British intelligence secretly and illegally collected bulk data on British citizens for almost 10 years, the Investigatory Powers Tribunal (IPT) has ruled in a case brought by Privacy International and heard over the summer. 
Privacy International described it as “one of the most significant indictments of the secret use of the government’s mass surveillance powers since Edward Snowden first began exposing the extent of US and UK spying in 2013”. 
The IPT said it was clear that the actions of the UK government in collecting bulk communications data (Bulk Communications Data) and personal information datasets (Bulk Personal Datasets) between 1998 and November 2015 were not legal under Article 8 of the European Convention of Human Rights (ECHR).
“The BPD regime failed to comply with the ECHR principles which we have above set out throughout the period prior to its avowal in March 2015,” it said.
“The BCD regime failed to comply with such principles in the period prior to its avowal in November 2015, and the institution of a more adequate system of supervision as at the same date.”
The ‘avowal’ refers to moves by the government to acknowledge the existence of such data collection and analysis systems and codify them into law.
The IPT ruling also said it was clear that the government never informed Parliament that such data collection and analysis was taking place, meaning there was no chance for it to be properly scrutinised.
“It seems difficult to conclude that the use of BCD was foreseeable by the public, when it was not explained to Parliament; and several opportunities arose when legislation or codes of practice were being introduced or amended (and particularly in 2000 when s.80 of RIPA was passed), when the government of the day did not avow the use of section 94 [which governs communications intercepts],” said the IPT.
Furthermore, the IPT said there was little monitoring of how staff with access to these databases, which contained everything from medical records, tax records, electoral register information, used this information.
“We are not satisfied that, particularly given the fragmented nature of the responsibility apparently shared between the commissioners, there can be said to have been an adequate oversight of the BCD system, until after July 2015,” it said.
The ruling by the IPT does not specify whether the data will be retained or should be deleted. It also claimed that the post-avowal regimes of BCD and BPD are now legal, although this is something Privacy International disagrees with.

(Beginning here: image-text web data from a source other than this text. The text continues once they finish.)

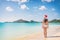 Christmas santa hat Asian girl happy relaxing walkin on winter south holidays Caribbean beach. Bikini girl on travel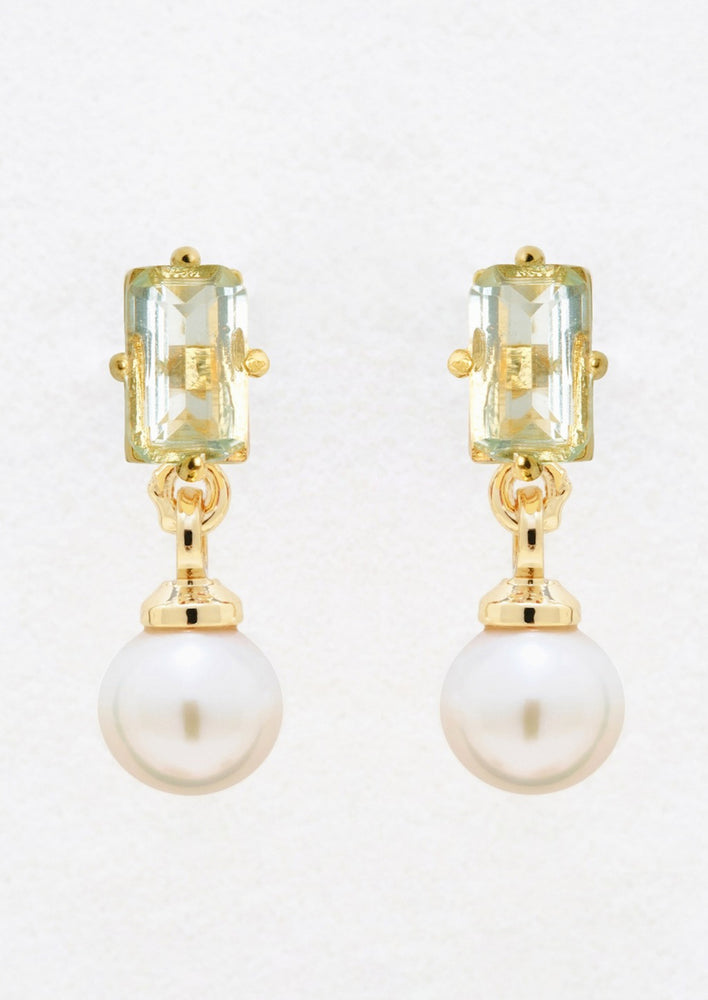 A pair of gold studs with baguette blue topaz and dangling pearl.
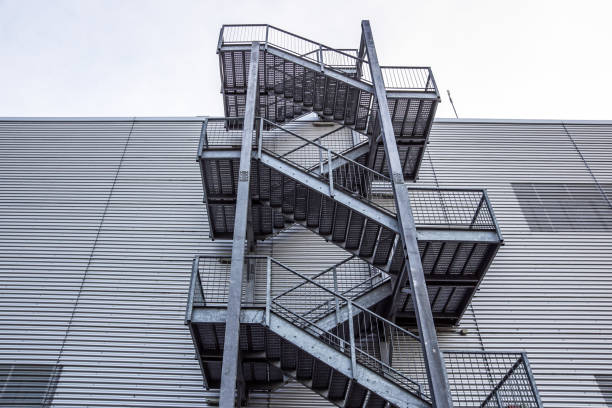 istock Abstract industrial architecture fragment on blue sky background, metal stairway sections 1048216024
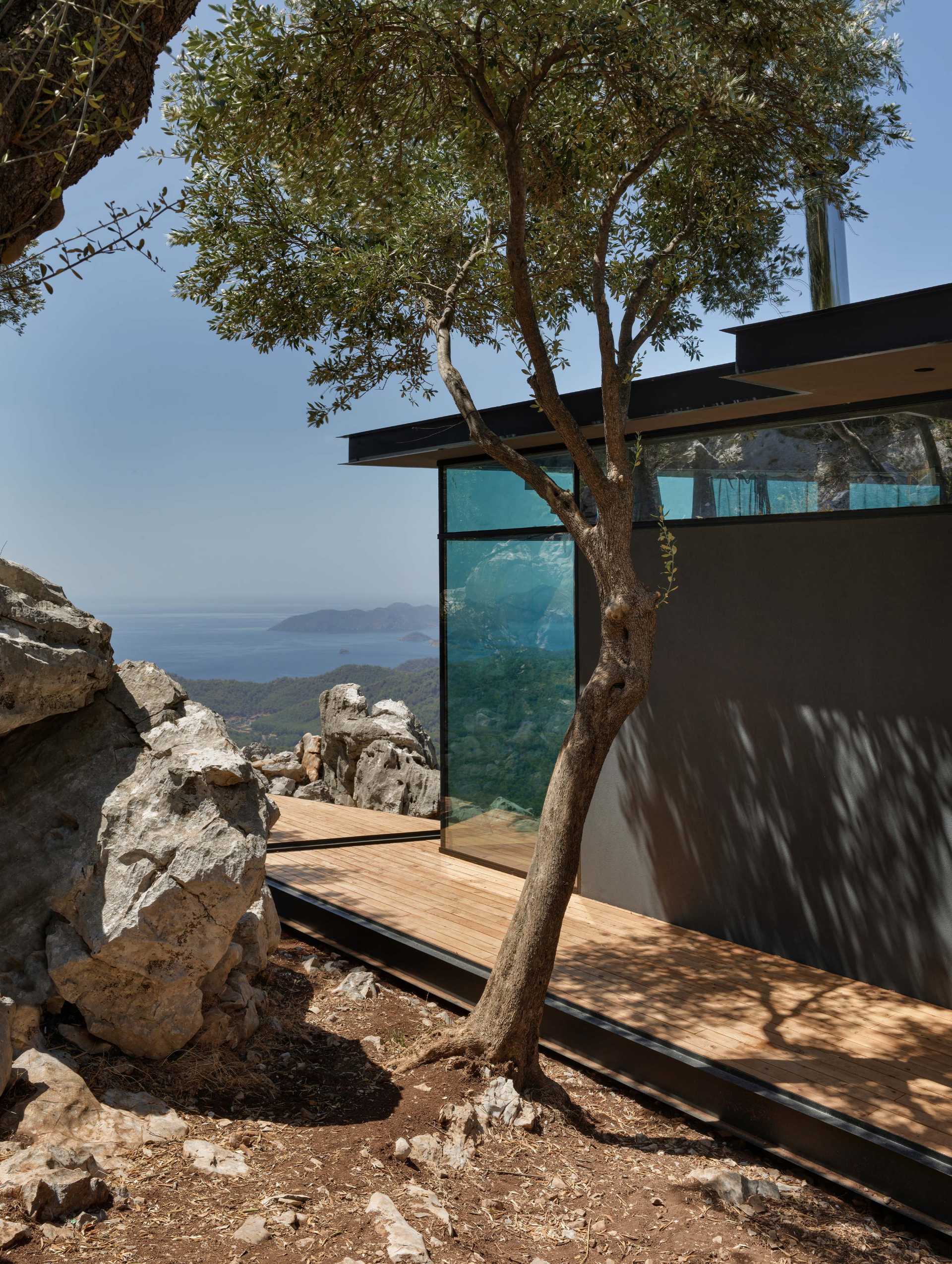 A small one-bedroom cabin with an open plan interior, is made from steel construction and a glass facade.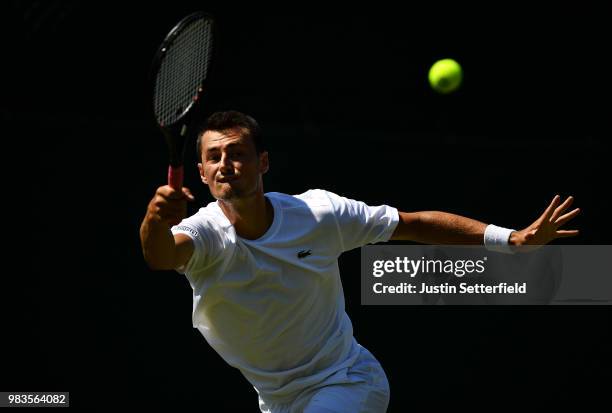 Bernard Tomic of Australia in action against Matteo Donati of Italy during the Wimbledon Lawn Tennis Championships Qualifying at The Bank of England...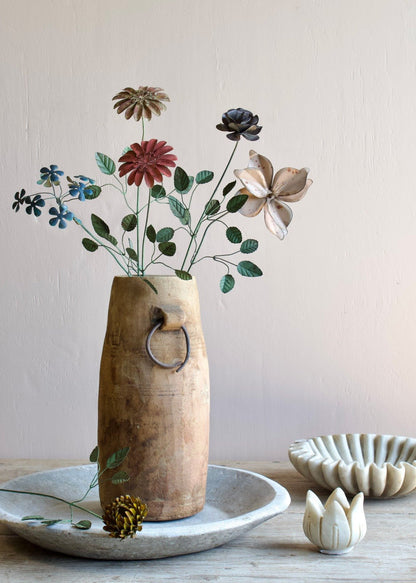 Wooden vase with flowers on a neutral background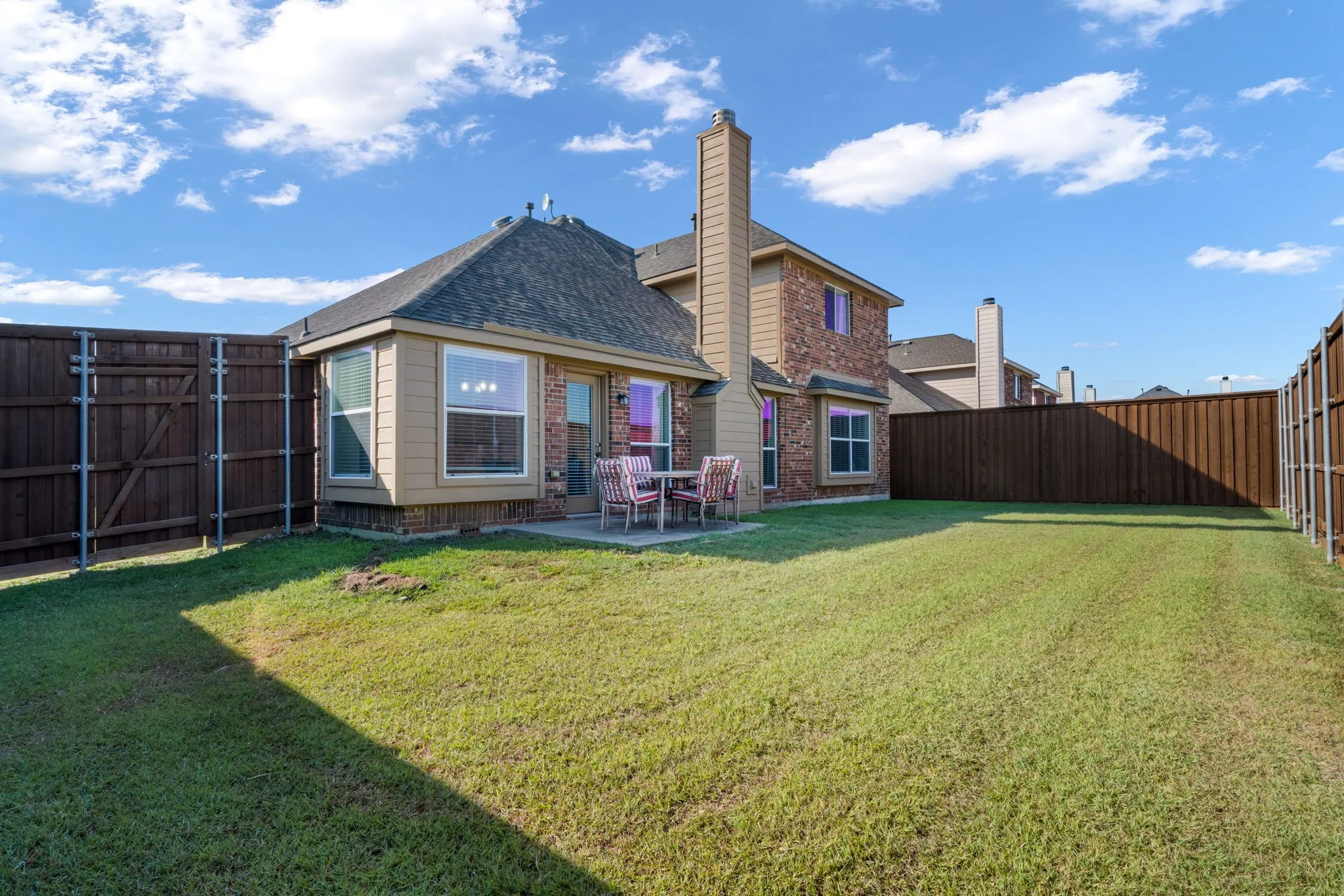 Expansive backyard featuring a manicured lawn, full privacy fencing, a brick exterior, and a rear patio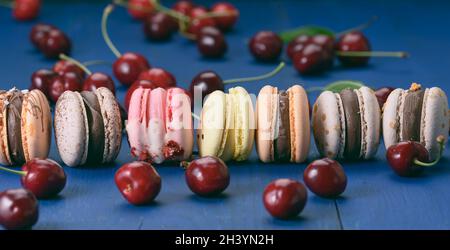 Macarons multicolores et cerises rouges mûres sur fond de bois bleu, gros plan Banque D'Images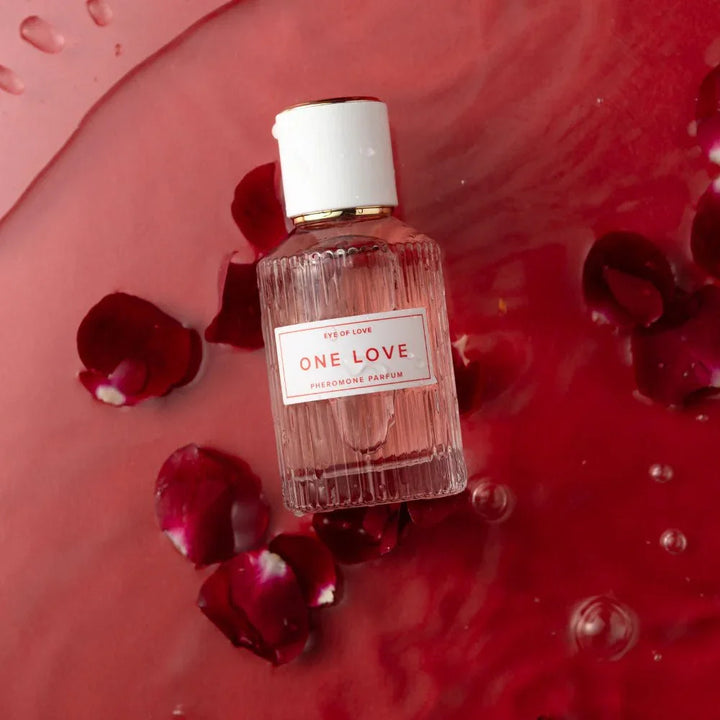 Eye Of Love One Love bottle lying in red liquid scattered with rose petals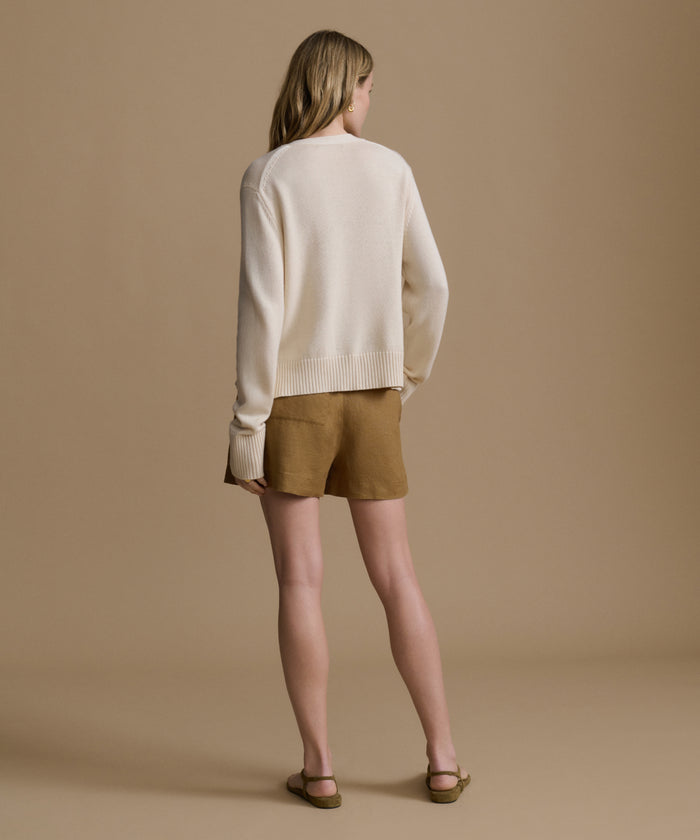 Woman wearing an ivory cardigan with brown shorts against a beige wall.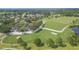 Picturesque aerial view of a golf course with lush green fairways and manicured landscaping at 11913 Butler Woods Cir, Riverview, FL 33579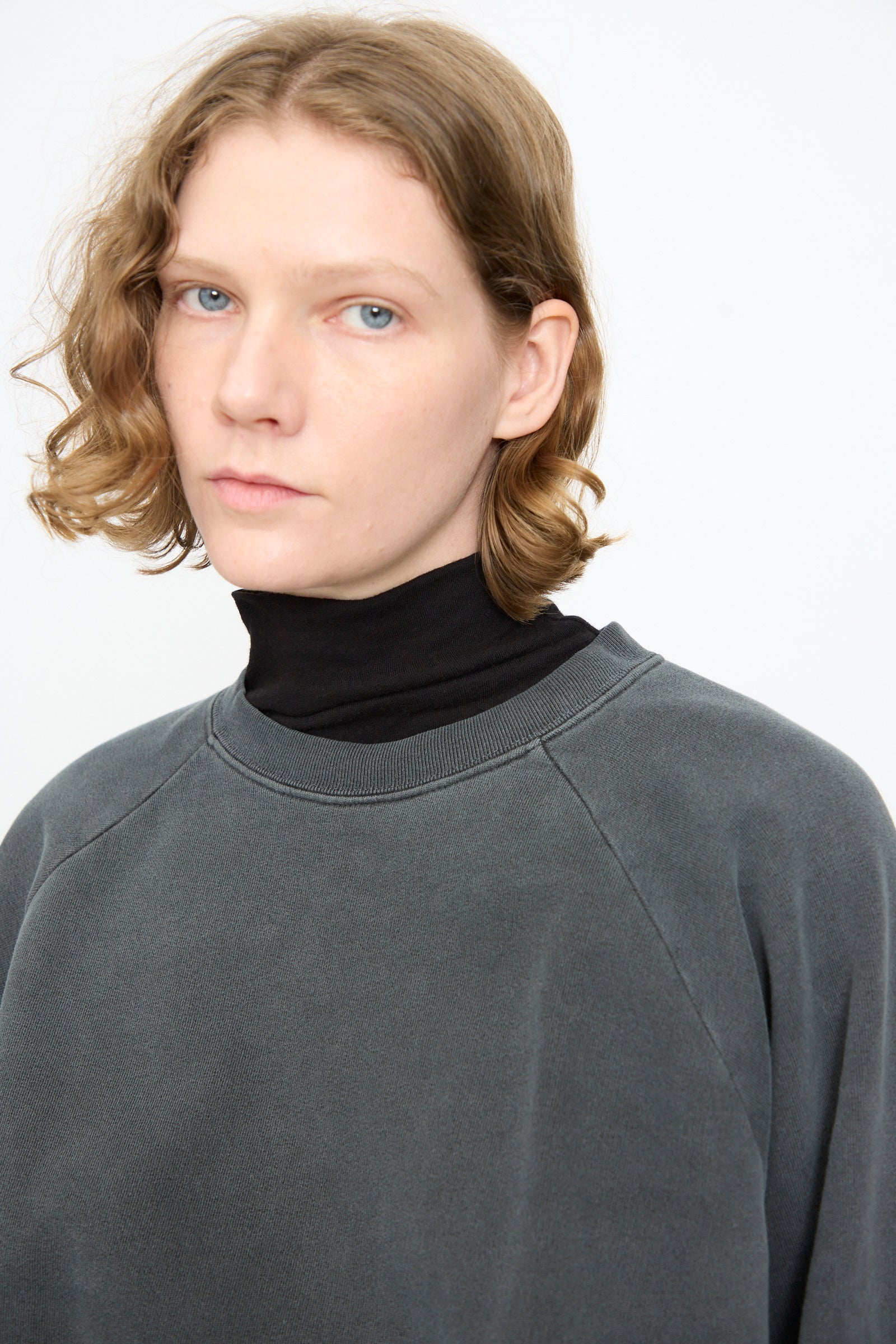 A person with short, wavy light brown hair faces the camera with a neutral expression against a plain light background, wearing the Black Crane Raglan Sweatshirt in Indigo over a black turtleneck.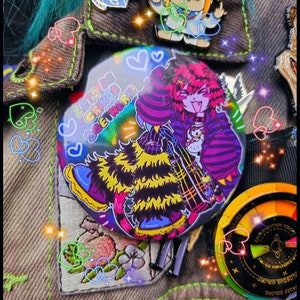 Op de afbeelding: Een ronde knoop met een holografische afwerking met een anime-achtig personage met roze haar en een geel en zwarte outfit. De knoop heeft de tekst "LET'S BE CRINGE TOGETHER!!" en is omringd door andere decoratieve spelden.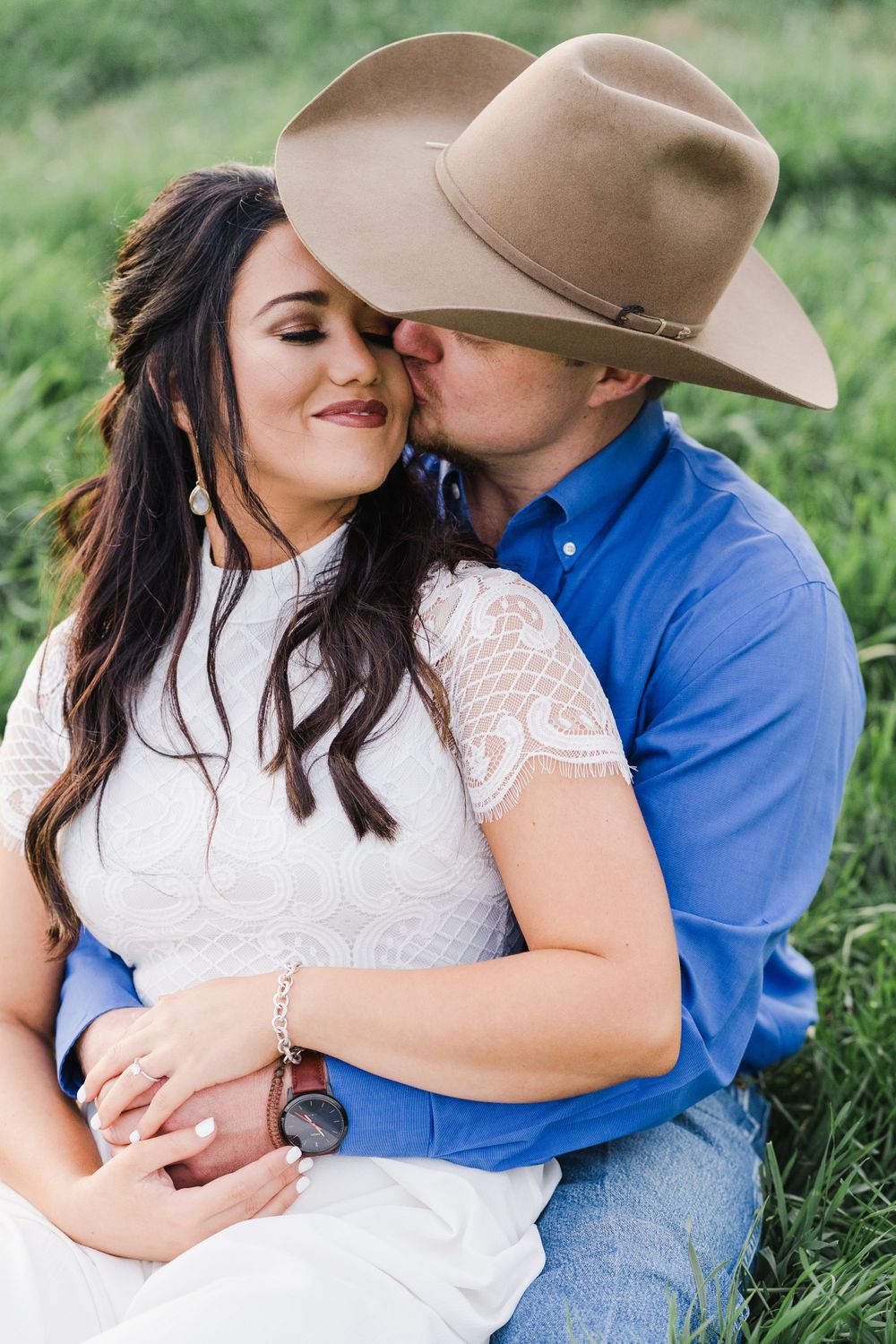 A romantic couple embraces in a grassy field with the person wearing a cowboy hat and blue shirt.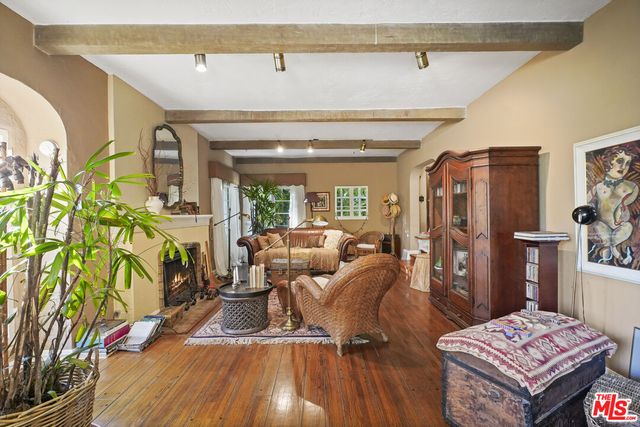a bathroom with a sink a toilet and shower curtain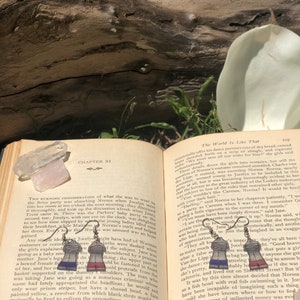 Puede incluir: Un par de pendientes de plata con un diseño a rayas azules y rojas. Los pendientes tienen forma de mujer que lleva una camisa a rayas y pantalones cortos rojos. Los pendientes cuelgan de un libro con el texto "The World Is Like That" en la página.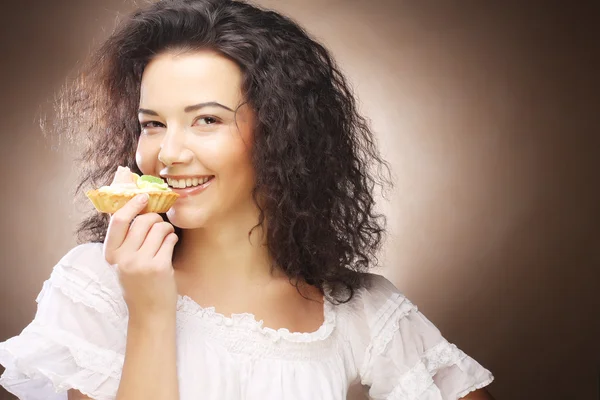 Young woman with a cake Royalty Free Stock Photos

“There is no requirement for judicial or independent authorisation. Supervision by a member of the executive (i.e. a government minister) does not provide the necessary guarantees that surveillance operations that could impact on millions of people are necessary and proportionate,” the ruling said.
“There is no procedure for notifying victims of any use or misuse of bulk communication data so they can seek an appropriate remedy. ”
Millie Graham Wood, legal officer at Privacy International, said the judgment made it clear that the UK surveillance agencies had ridden “roughshod over our democracy” by spying on citizens on such a huge scale.
“It is unacceptable that it is only through litigation by a charity that we have learnt the extent of these powers and how they are used,” she said.
“The public and Parliament deserve an explanation as to why everyone’s data was collected for over a decade without oversight in place and confirmation that unlawfully obtained personal data will be destroyed.”